__Provided data__.
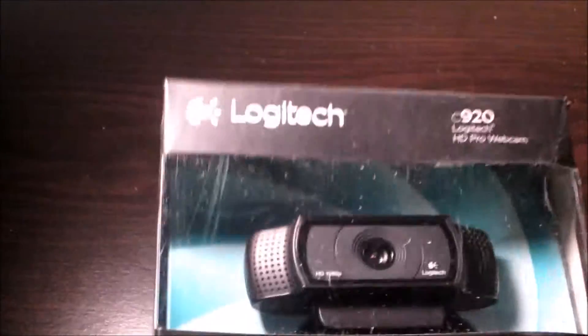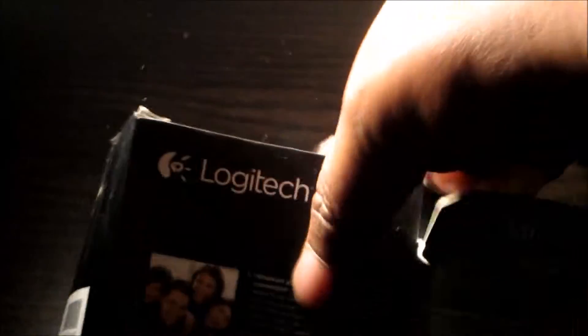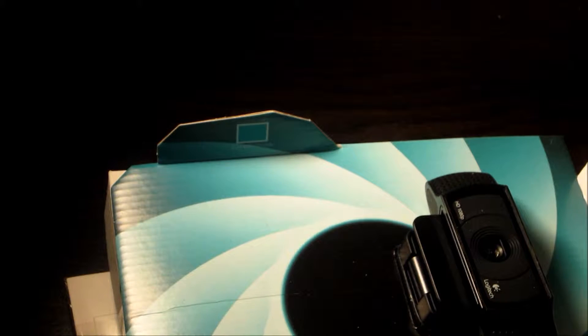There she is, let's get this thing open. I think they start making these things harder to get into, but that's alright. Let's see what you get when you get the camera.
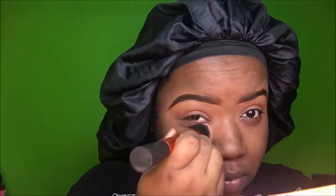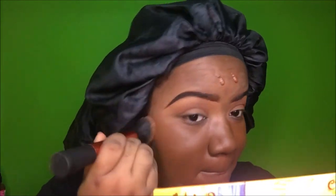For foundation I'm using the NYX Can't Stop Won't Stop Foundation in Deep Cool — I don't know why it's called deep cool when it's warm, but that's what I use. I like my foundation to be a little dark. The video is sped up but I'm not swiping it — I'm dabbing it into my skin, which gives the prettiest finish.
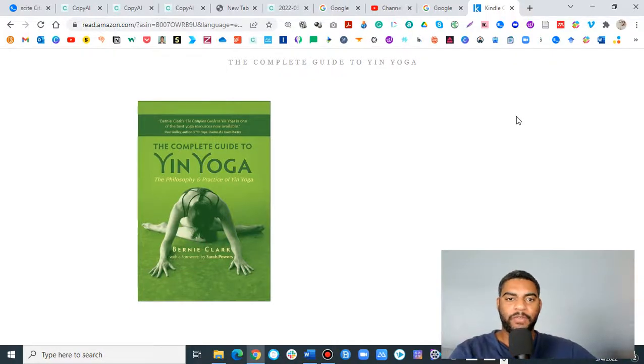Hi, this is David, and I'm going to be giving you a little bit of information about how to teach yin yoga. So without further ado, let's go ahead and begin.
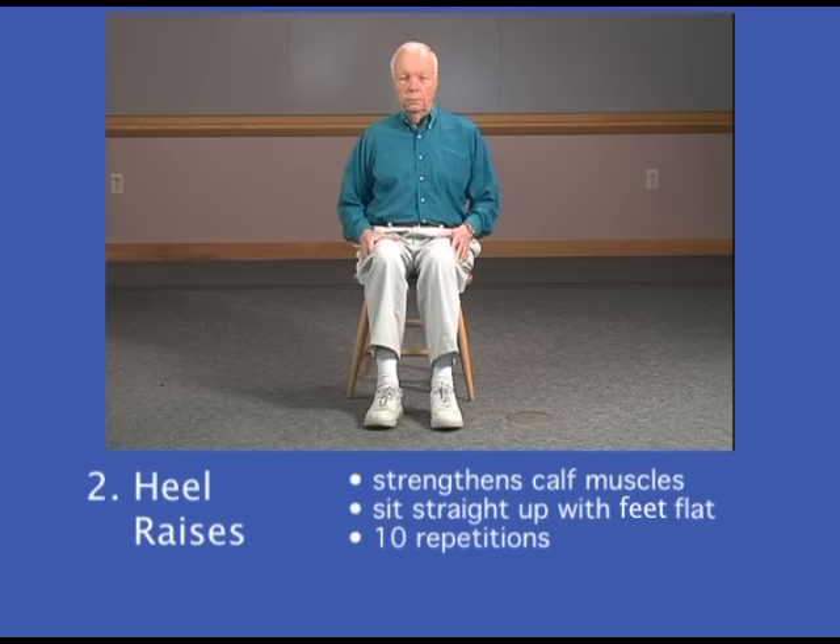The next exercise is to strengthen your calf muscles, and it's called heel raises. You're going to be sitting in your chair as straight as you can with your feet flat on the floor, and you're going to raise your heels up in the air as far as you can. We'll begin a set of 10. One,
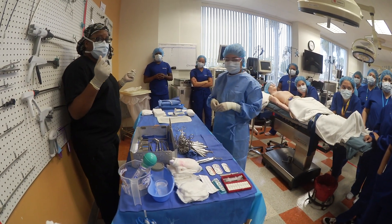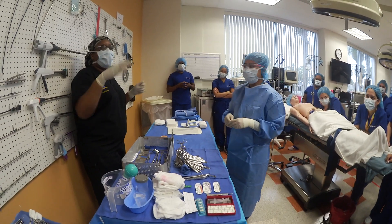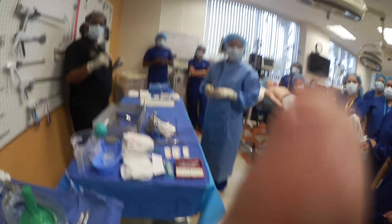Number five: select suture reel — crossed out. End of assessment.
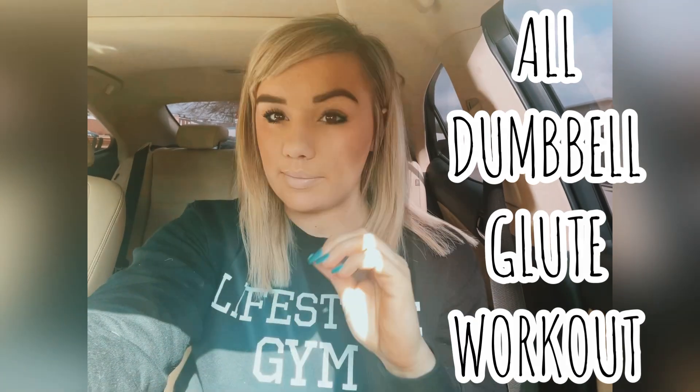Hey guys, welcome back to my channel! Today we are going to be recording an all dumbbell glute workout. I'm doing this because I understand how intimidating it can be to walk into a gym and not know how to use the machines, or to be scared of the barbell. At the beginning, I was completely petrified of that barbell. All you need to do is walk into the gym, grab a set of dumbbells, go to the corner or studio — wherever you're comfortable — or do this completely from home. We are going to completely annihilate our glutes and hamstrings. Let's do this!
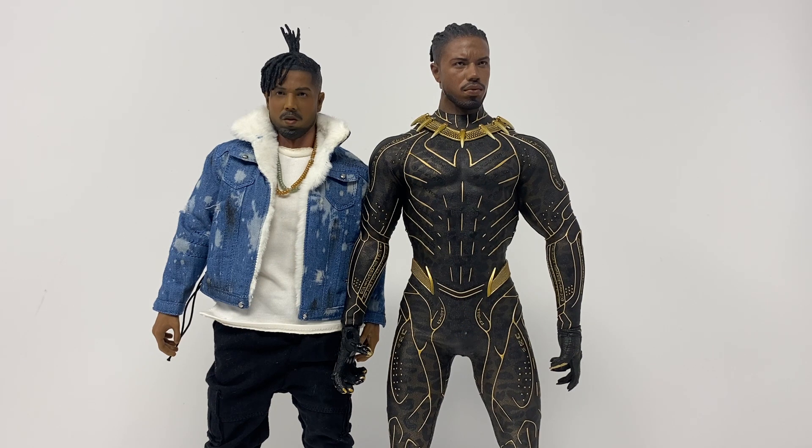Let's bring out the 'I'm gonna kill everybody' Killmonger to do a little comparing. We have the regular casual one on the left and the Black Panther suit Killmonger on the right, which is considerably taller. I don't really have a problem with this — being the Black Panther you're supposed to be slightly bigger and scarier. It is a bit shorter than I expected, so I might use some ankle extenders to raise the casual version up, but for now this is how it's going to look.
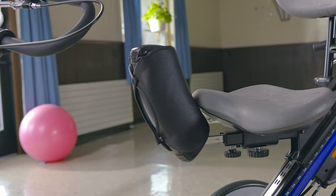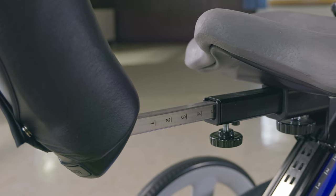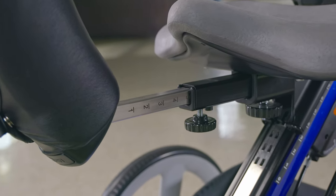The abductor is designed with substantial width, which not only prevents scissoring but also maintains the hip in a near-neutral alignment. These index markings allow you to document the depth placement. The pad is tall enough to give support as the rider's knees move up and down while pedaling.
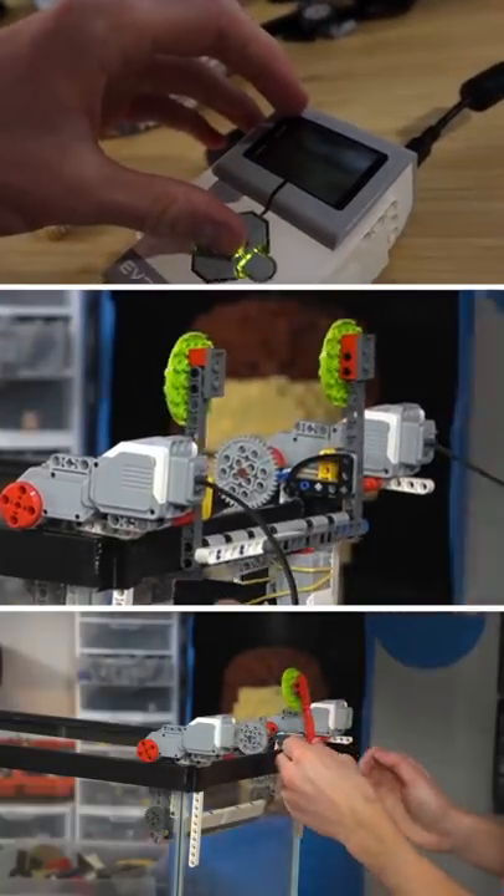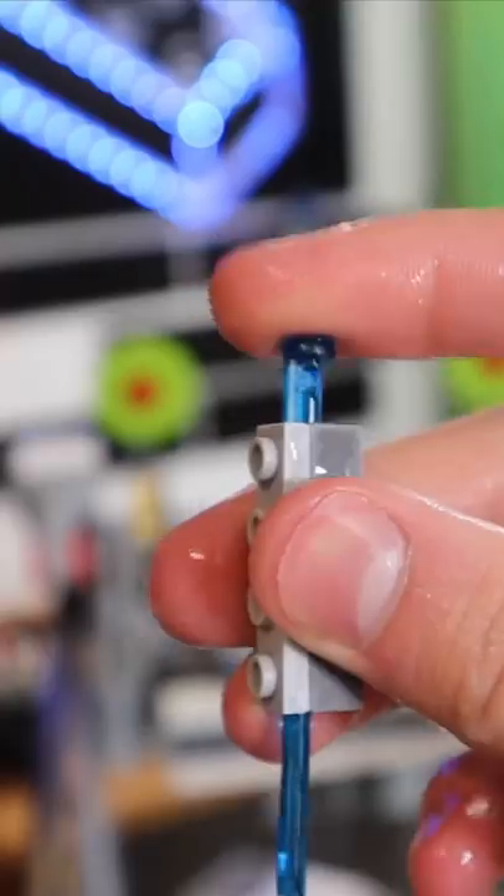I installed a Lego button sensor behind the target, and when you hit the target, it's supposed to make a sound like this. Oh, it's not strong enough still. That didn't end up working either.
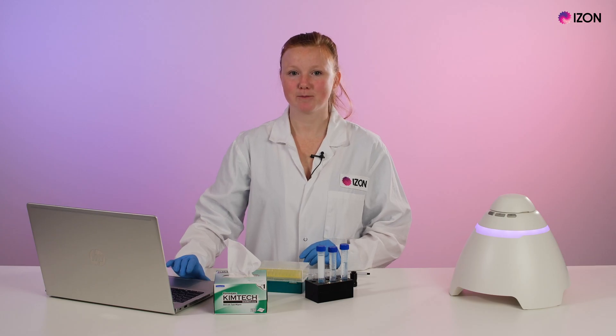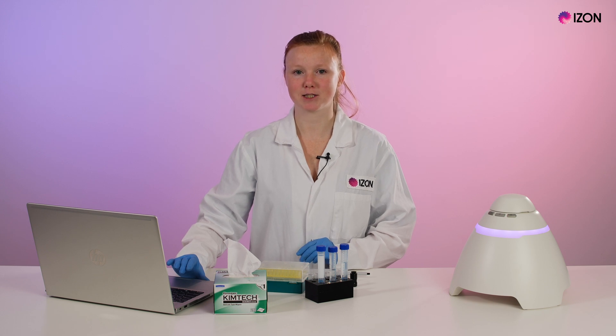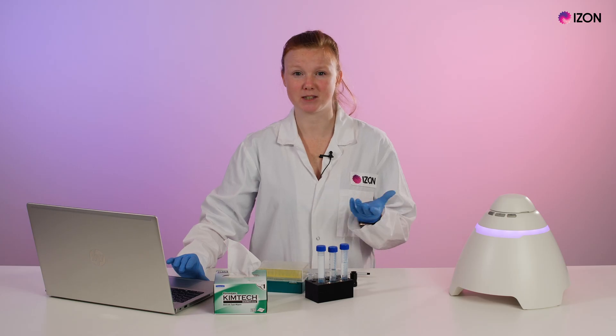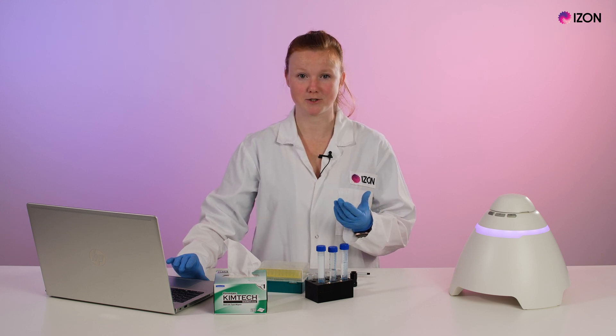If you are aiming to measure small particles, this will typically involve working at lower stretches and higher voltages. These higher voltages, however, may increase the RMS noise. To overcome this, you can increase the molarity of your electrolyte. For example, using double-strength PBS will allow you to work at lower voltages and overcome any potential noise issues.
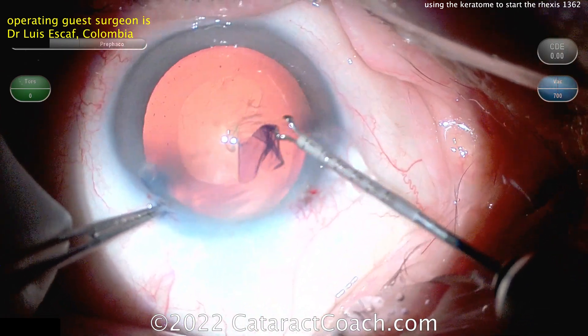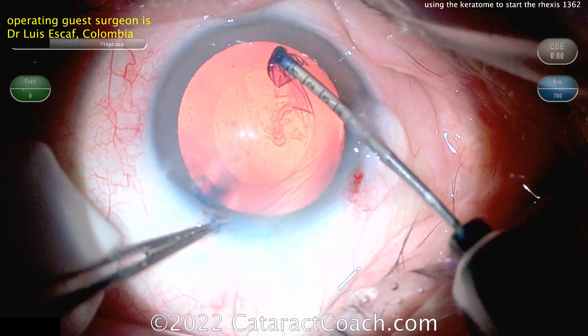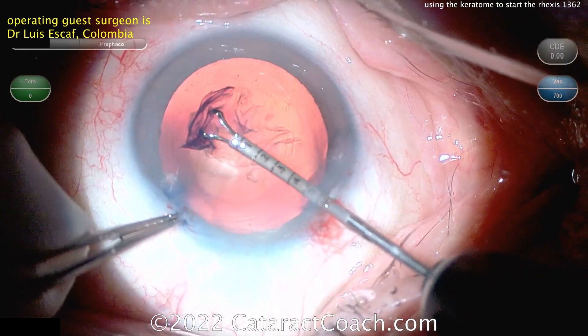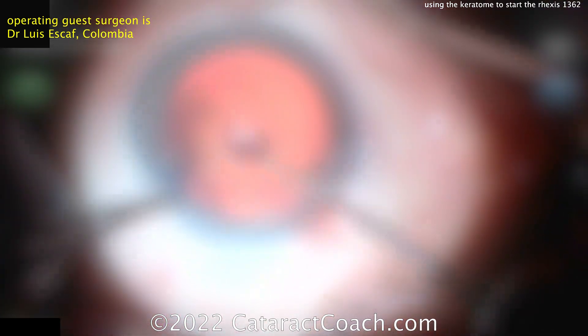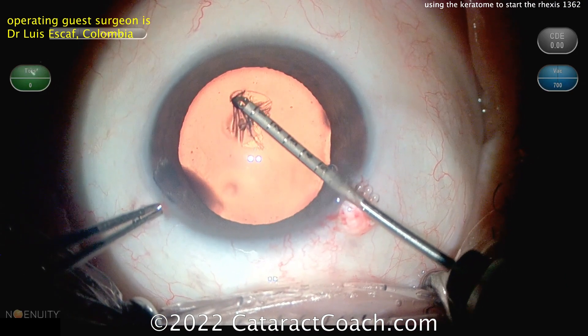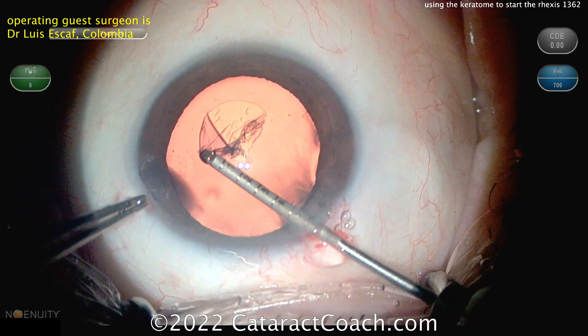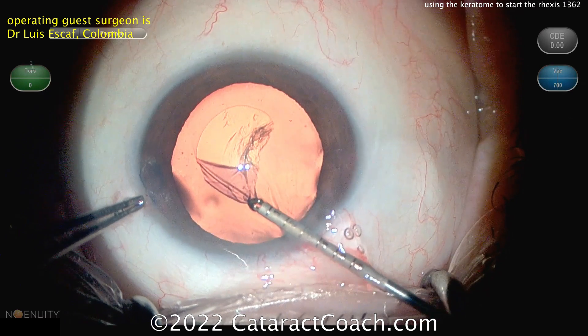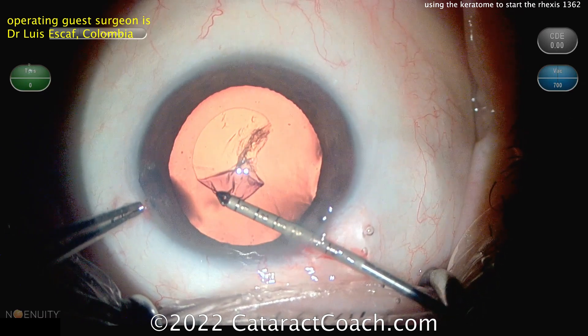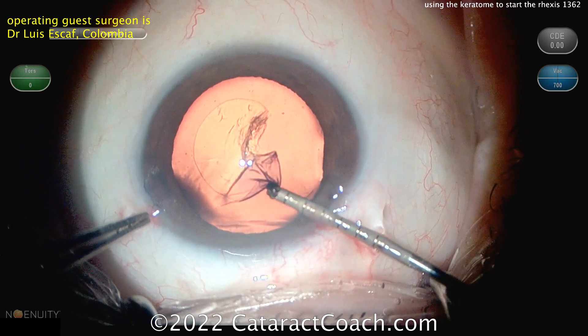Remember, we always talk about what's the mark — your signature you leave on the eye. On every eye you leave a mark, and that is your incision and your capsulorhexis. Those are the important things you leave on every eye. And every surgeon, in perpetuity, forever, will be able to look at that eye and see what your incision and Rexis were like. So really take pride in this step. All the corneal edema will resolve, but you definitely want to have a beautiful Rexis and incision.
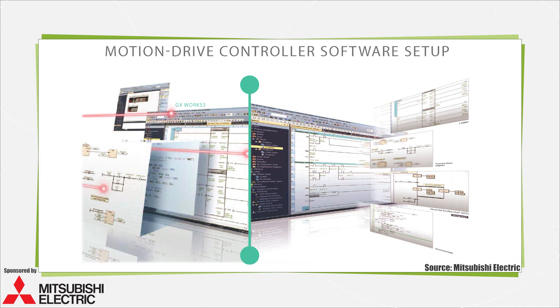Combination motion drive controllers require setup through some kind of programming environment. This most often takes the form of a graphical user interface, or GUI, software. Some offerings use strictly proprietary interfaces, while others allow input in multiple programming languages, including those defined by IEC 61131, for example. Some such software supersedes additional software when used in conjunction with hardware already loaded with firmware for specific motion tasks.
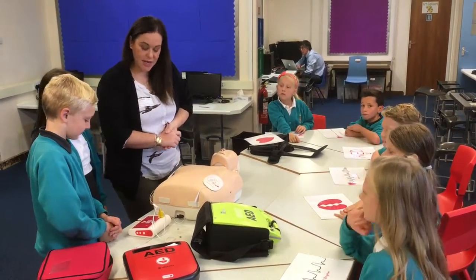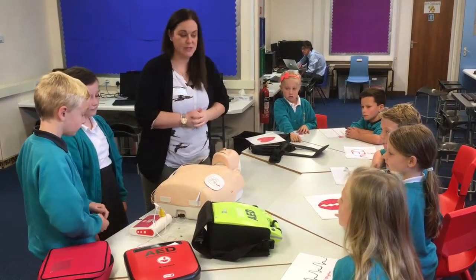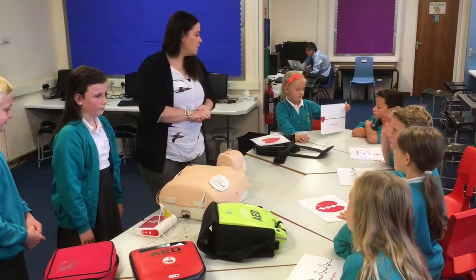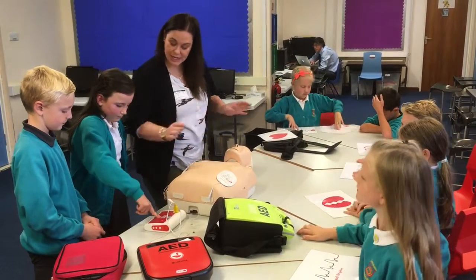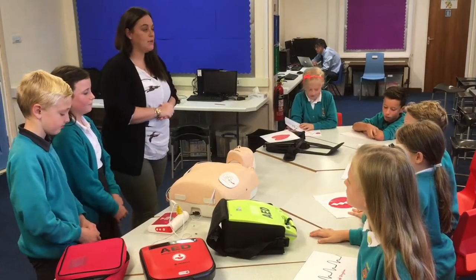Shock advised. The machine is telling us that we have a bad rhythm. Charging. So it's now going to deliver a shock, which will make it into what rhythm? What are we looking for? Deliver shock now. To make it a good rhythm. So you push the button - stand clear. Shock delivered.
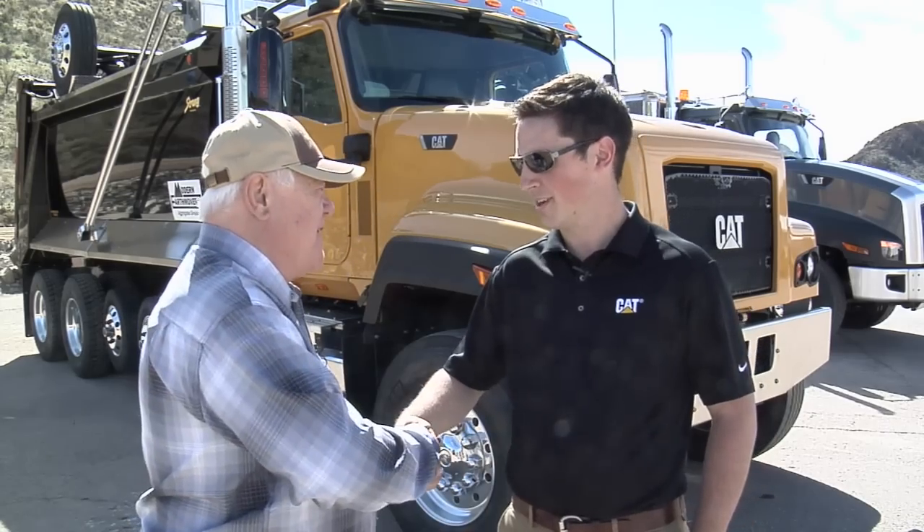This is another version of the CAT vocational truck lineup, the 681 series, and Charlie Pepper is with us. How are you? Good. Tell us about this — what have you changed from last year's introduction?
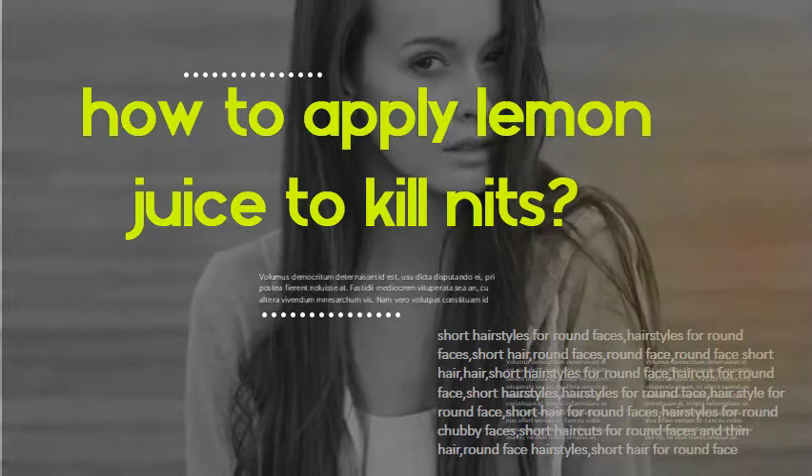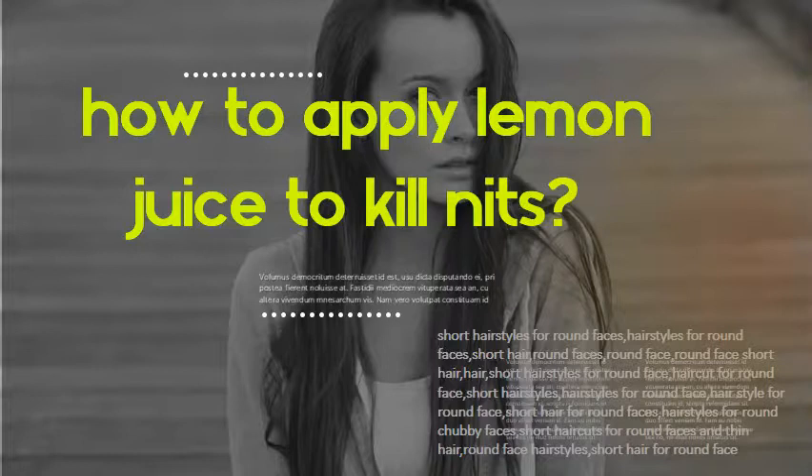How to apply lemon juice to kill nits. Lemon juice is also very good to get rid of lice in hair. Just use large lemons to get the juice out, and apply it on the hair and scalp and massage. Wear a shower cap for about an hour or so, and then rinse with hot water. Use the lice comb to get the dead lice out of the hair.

__Directions__. Return all the material exactly, skipping pictures.

__Response for this exercise__.
There she is, let's get this thing open. I think they start making these things harder to get into, but that's alright. Let's see what you get when you get the camera.
For foundation I'm using the NYX Can't Stop Won't Stop Foundation in Deep Cool — I don't know why it's called deep cool when it's warm, but that's what I use. I like my foundation to be a little dark. The video is sped up but I'm not swiping it — I'm dabbing it into my skin, which gives the prettiest finish.
Hi, this is David, and I'm going to be giving you a little bit of information about how to teach yin yoga. So without further ado, let's go ahead and begin.
The next exercise is to strengthen your calf muscles, and it's called heel raises. You're going to be sitting in your chair as straight as you can with your feet flat on the floor, and you're going to raise your heels up in the air as far as you can. We'll begin a set of 10. One,
Number five: select suture reel — crossed out. End of assessment.
Hey guys, welcome back to my channel! Today we are going to be recording an all dumbbell glute workout. I'm doing this because I understand how intimidating it can be to walk into a gym and not know how to use the machines, or to be scared of the barbell. At the beginning, I was completely petrified of that barbell. All you need to do is walk into the gym, grab a set of dumbbells, go to the corner or studio — wherever you're comfortable — or do this completely from home. We are going to completely annihilate our glutes and hamstrings. Let's do this!
Let's bring out the 'I'm gonna kill everybody' Killmonger to do a little comparing. We have the regular casual one on the left and the Black Panther suit Killmonger on the right, which is considerably taller. I don't really have a problem with this — being the Black Panther you're supposed to be slightly bigger and scarier. It is a bit shorter than I expected, so I might use some ankle extenders to raise the casual version up, but for now this is how it's going to look.
The abductor is designed with substantial width, which not only prevents scissoring but also maintains the hip in a near-neutral alignment. These index markings allow you to document the depth placement. The pad is tall enough to give support as the rider's knees move up and down while pedaling.
I installed a Lego button sensor behind the target, and when you hit the target, it's supposed to make a sound like this. Oh, it's not strong enough still. That didn't end up working either.
If you are aiming to measure small particles, this will typically involve working at lower stretches and higher voltages. These higher voltages, however, may increase the RMS noise. To overcome this, you can increase the molarity of your electrolyte. For example, using double-strength PBS will allow you to work at lower voltages and overcome any potential noise issues.
Remember, we always talk about what's the mark — your signature you leave on the eye. On every eye you leave a mark, and that is your incision and your capsulorhexis. Those are the important things you leave on every eye. And every surgeon, in perpetuity, forever, will be able to look at that eye and see what your incision and Rexis were like. So really take pride in this step. All the corneal edema will resolve, but you definitely want to have a beautiful Rexis and incision.
Combination motion drive controllers require setup through some kind of programming environment. This most often takes the form of a graphical user interface, or GUI, software. Some offerings use strictly proprietary interfaces, while others allow input in multiple programming languages, including those defined by IEC 61131, for example. Some such software supersedes additional software when used in conjunction with hardware already loaded with firmware for specific motion tasks.
Shock advised. The machine is telling us that we have a bad rhythm. Charging. So it's now going to deliver a shock, which will make it into what rhythm? What are we looking for? Deliver shock now. To make it a good rhythm. So you push the button - stand clear. Shock delivered.
This is another version of the CAT vocational truck lineup, the 681 series, and Charlie Pepper is with us. How are you? Good. Tell us about this — what have you changed from last year's introduction?
How to apply lemon juice to kill nits. Lemon juice is also very good to get rid of lice in hair. Just use large lemons to get the juice out, and apply it on the hair and scalp and massage. Wear a shower cap for about an hour or so, and then rinse with hot water. Use the lice comb to get the dead lice out of the hair.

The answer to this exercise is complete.